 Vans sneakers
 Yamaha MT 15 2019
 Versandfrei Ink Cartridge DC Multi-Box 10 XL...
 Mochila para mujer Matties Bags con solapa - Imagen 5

--

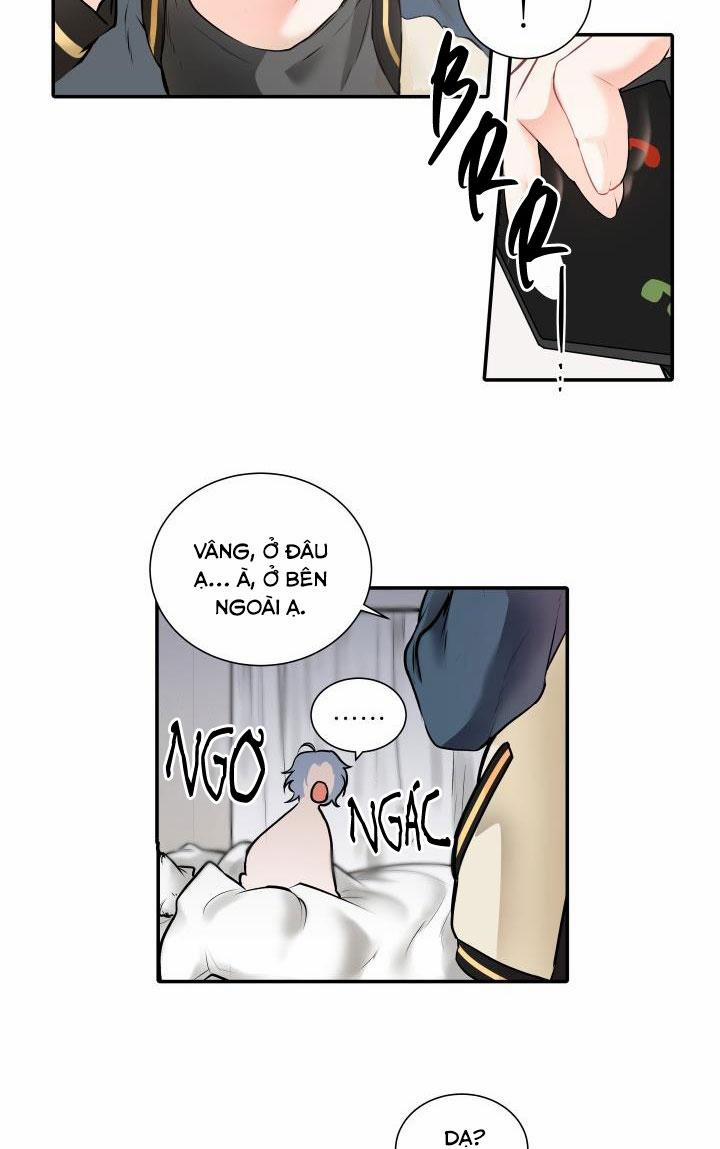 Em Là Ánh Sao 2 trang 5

* * *

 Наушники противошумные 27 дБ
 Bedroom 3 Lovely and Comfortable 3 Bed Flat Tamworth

* TRY IT: In the listing above, find the line holding "Yamaha MT 15 2019" and the line holding "Mochila para mujer", then output those two lines and every line between them exactly.

* SOLVED PROBLEM:
 Yamaha MT 15 2019
 Versandfrei Ink Cartridge DC Multi-Box 10 XL...
 Mochila para mujer Matties Bags con solapa - Imagen 5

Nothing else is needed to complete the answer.